Все надежды, по-видимому, на нее. От психологии должна ожидать себе откровений история литературы. Однако самая психология, не только в теперешнем, признанно-элементарном состоянии, но и в будущих ее возможностях, позволяет ли рассчитывать на установление каких-либо точных, содержательных, в самую глубину идущих закономерностей? Можно ли будет когда-нибудь ввести душу в определенное русло причин и следствий? То, что в этой области известно до сих пор, те психические состояния, которые могут быть уловлены в сеть ассоциаций, то, что в психике может быть учтено и предусмотрено, это все так ничтожно и поверхностно в сравнении с глубокой сферой ее загадок и неожиданностей. Не говоря уже о том, чтобы душу объяснить и подчинить ее необходимым законам, но просто описать ее, рассказать ее, – и этого не может психология. И теперь, как и прежде, и потом, как и теперь, душа остается и останется вовеки непостижимой. Эта неуловимая душа, самое реальное и самое призрачное существо на свете, самое для нас знакомое и самое неизвестное одновременно, вместе явь и галлюцинация, – как вторглась она, великая случайность, на заре мироздания в расчисленный и размеренный круг бытия, в механическую цепь событий, так и сохранила доныне свою анархическую сущность, и в железном царстве окружающей необходимости пребывает она свободной и эту свободу свою утверждает над природой. Законы для души не писаны, а потому не писаны они и для искусства. История литературы услышит от психологии вещие догадки, приобщится к ее воззрениям и метафизической стихии, но никогда не получит от нее той доказательности, которая необходима для науки, потому что этой доказательностью не обладает и не будет обладать сама психология.

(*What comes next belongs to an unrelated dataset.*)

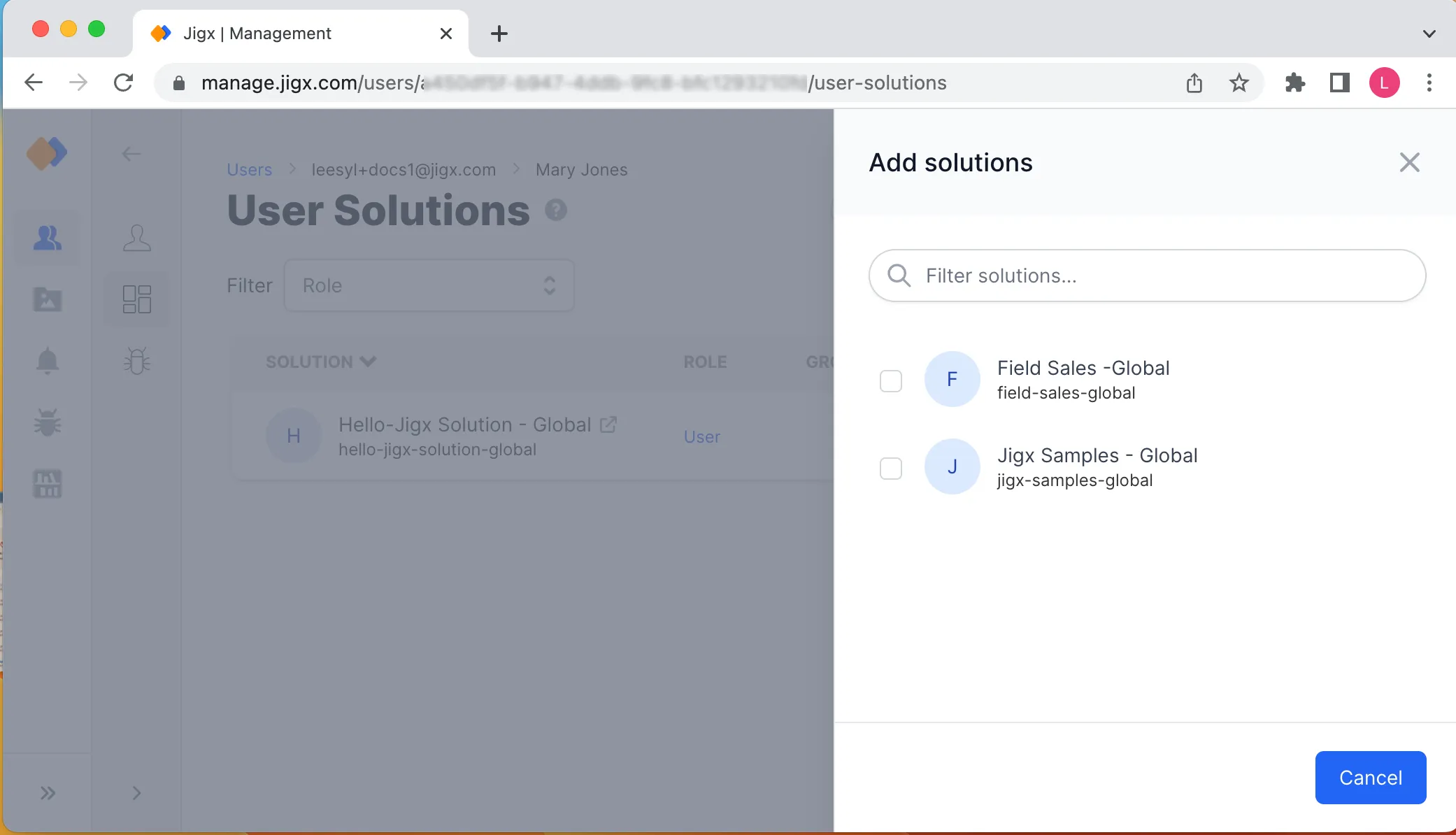 Assigning Solutions to User Assigning Solutions to User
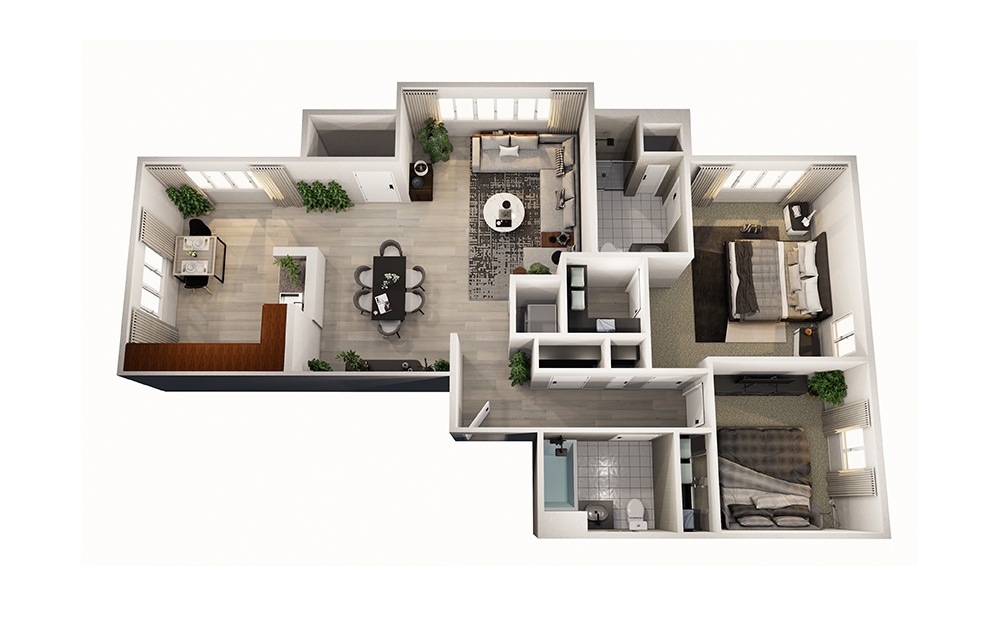 Cypress - 2 bedroom floorplan layout with 2 bathrooms and 1111 square feet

Так как сущность художественного произведения определяется индивидуальной психикой его творца, то, поскольку само психическое начало не порождение, а, наоборот, создатель жизни, постольку и художество, в частности литература, представляет собою вовсе не отражение, или, как нередко говорится, зеркало действительности. Пишущий эти строки, отчасти развивая в них мысли, намеченные им в его очерке об Оскаре Уайльде («Этюды о западных писателях»), и вообще примыкая к эстетическим воззрениям автора «Замыслов», должен теперь несколько воспроизвести то, о чем он уже высказался в посвященной ему статье. Именно: рабская работа зеркала человеку вообще не свойственна. Зеркало покорно и пассивно. Безмолвное зрительное эхо вещей, предел послушания, оно только воспринимает и уже этим одним совершенно противоположно нашей действенности. Создание последней, литература, поэтому далеко не отражение. Она творит жизнь, а не отражает ее. Литература упреждает действительность; слово раньше дела. Воплощение догадок и прозрений, вдохновенная Пифия, прорицательница далей, литература не ведомая, а вождь. Словесность всегда впереди; она – вечное будущее. Когда говорят, что она идет по стопам жизни, то это неверно – разве лишь в незначительном и плоском смысле того труизма, что писатель, как мы уже упоминали, может брать свои материалы извне. Но в главном и существенном, в том, без чего литература не была бы литературой, в своей гениальности, в своей капризности, в свободной игре психических сил, она местное и временное как раз и отвергает, с ним не считается, его не воспроизводит. Она сверхвременна и сверхпространственна. Писатель живет всегда и везде. Писатель своим современникам не современник, своим землякам не земляк. Поскольку он – творец, а не обыкновенный житель жизни, он с окружающей средою расходится, и часто именно в этом и состоит его горе от ума, обида его одиночества.